J’ai aussi regardé si le fait de faire 1,77m, 1,82m, 1,87m ou 1,92m aurait une importance, s’il y avait un seuil à partir duquel ce serait différent. Je n’en ai pas trouvé non plus ! J’ai trouvé des femmes de 1,93m en couple avec un homme de 1,65m très épanouies, j’ai trouvé des femmes de 1,77m qui n’osent pas sortir de chez elles. En faisant une enquête qualitative, je ne peux pas, comme le ferait l’INED par exemple, dire de manière définitive que ces résultats ne sont pas discutables. C’est la première enquête faite sur le sujet. 

On aura ensuite la possibilité de reprendre ces résultats et d’essayer de les travailler sur une plus grande échelle pour peut-être trouver des variations plus fines qu’une seule enquête ne permettait pas d’identifier.

En lisant le livre, on voit qu’il s’agissait d’un angle mort en sociologie et dans d’autres disciplines, vous avez déjà eu des retours ? Si cette question n’est pas prématurée.

Il a été publié depuis moins d’un mois ! (au moment de l’entretien en mars, NDLR) J’ai des retours de femmes très grandes comme vous. À une exception près, tout est positif et j’ai plusieurs dizaines de retours. C’est une bonne surprise, les lectrices me disent qu’elles s’y retrouvent, que ça leur permet de formaliser des choses vécues et ça montre, comme le suggère mon titre, les ambivalences de la très grande taille. On peut trouver son chemin malgré cette taille et renverser le stigmate voire en faire une force. Il y a quelques articles dans la presse, dont celui qui a suscité votre lecture. Une personne n’a pas aimé cet article et mon livre car elle considère qu’il victimise les femmes très grandes et elle ne s’y retrouve pas. C’est son vécu. La critique est d’ailleurs davantage portée sur un article paru dans la presse que sur mon ouvrage.

L’article de Libération dont on a parlé a une focale sur le poids de la très grande taille dans les relations amoureuses…

C’est le sujet choisi par la journaliste, c’est sa focale ! L’angle pris rend honneur à un chapitre précis du livre. Les réactions sont pour le moment très positives, j’ai même reçu des courriels personnels de personnes qui m’ont dit qu’elles avaient pu ainsi retracer leur trajectoire. Mon travail c’est de « dé-psychologiser » leurs vécus. La société psychologise tout, nous psychologisons tout car c’est notre société.

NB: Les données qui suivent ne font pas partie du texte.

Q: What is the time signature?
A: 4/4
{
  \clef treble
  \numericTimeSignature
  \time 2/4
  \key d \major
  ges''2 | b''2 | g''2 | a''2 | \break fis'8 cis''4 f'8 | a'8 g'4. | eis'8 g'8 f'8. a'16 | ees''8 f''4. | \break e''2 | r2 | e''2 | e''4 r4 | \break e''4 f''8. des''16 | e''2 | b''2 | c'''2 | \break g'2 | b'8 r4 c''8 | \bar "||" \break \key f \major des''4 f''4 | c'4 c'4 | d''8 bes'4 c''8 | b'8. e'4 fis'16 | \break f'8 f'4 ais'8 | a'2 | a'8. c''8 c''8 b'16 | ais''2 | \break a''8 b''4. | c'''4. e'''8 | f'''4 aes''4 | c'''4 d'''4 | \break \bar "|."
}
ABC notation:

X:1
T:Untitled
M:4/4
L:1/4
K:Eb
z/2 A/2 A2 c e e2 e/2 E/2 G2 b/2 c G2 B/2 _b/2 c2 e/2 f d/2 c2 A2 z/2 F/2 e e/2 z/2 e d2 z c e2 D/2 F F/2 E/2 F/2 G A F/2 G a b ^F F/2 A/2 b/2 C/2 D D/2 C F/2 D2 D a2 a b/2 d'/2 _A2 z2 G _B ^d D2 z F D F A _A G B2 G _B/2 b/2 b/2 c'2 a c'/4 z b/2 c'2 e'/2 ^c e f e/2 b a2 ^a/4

Toutes les situations sociales sont psychologisées : « il est gentil, il est méchant, c’est affectif, c’est son tempérament, c’est son moi… ». 

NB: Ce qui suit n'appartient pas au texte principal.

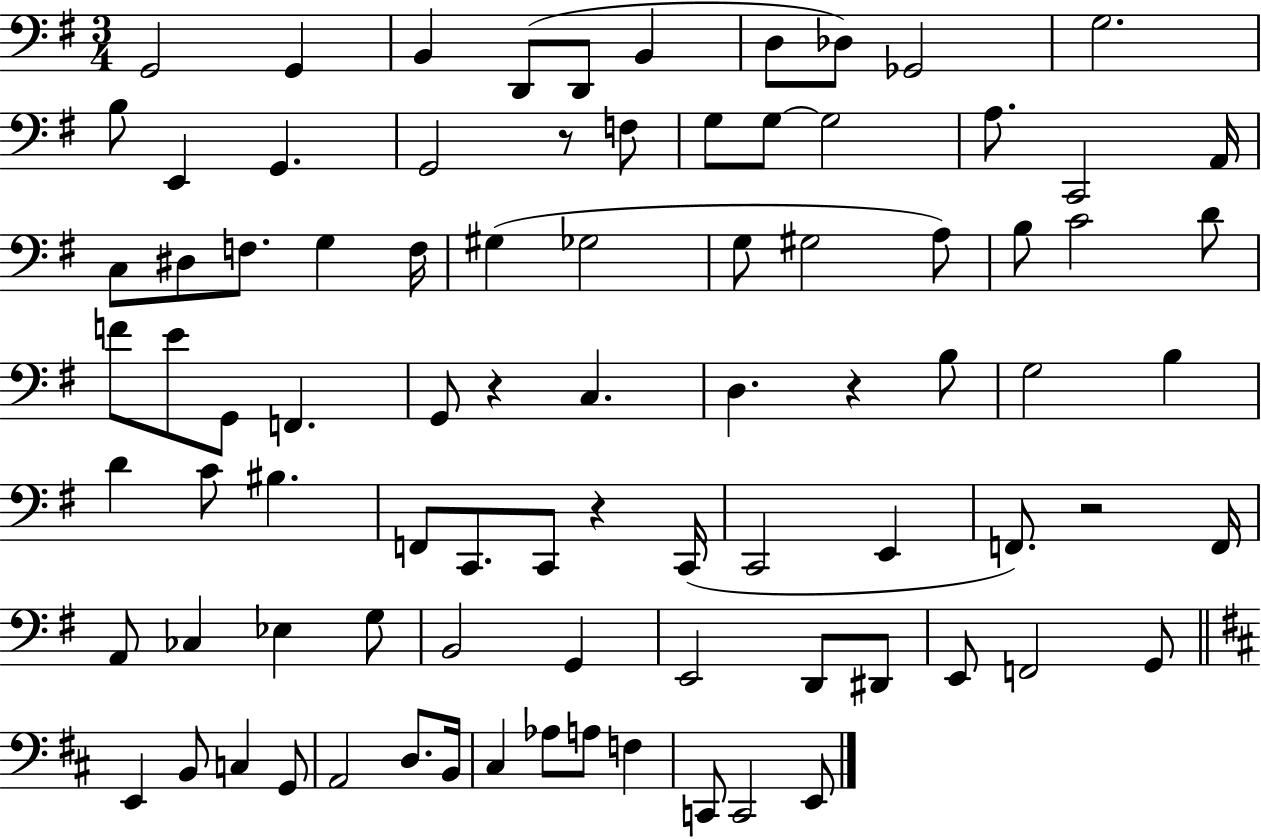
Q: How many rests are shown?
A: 5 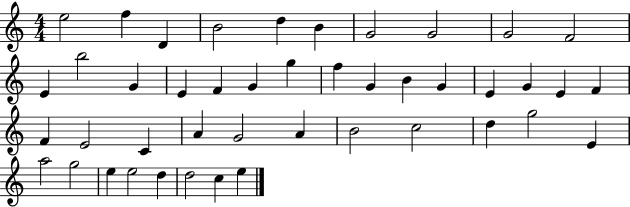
X:1
T:Untitled
M:4/4
L:1/4
K:C
e2 f D B2 d B G2 G2 G2 F2 E b2 G E F G g f G B G E G E F F E2 C A G2 A B2 c2 d g2 E a2 g2 e e2 d d2 c e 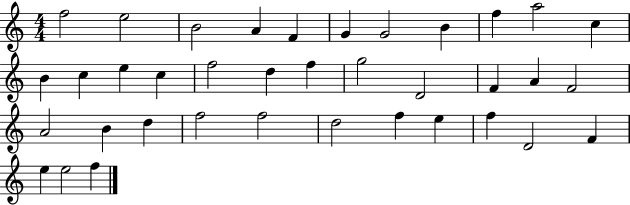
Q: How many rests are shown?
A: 0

La société est psychologiste. J’ai écrit sur ce phénomène il y a 20 ans pour rendre compte d’un monde professionnel. Ce concept a été utilisé par le sociologue François Dubet pour rendre compte du monde de l’école, par Robert Castel pour rendre compte du monde de la psychiatrie, par Alain Ehrenberg du monde des drogues et de la dépression. C’est un concept qui même en sociologie n’est pas si utilisé, car même les sociologues ont du mal avec l’idée que nous sommes les premiers à psychologiser toutes nos situations sociales. Nous faisons partie des raisons qui font que tout phénomène est psychologisé. Sortir de la psychologisation sociale est extrêmement compliqué car on l’expérimente en permanence. Et quand on fait autrement, on déclenche des réactions d’incompréhension ou d’hostilité. C’est au fil de la relation qu’on sort de ces situations. Par exemple, les gens oublient la gêne de parler avec quelqu’un de très grand au bout de quelques interactions, le stigmate est oublié.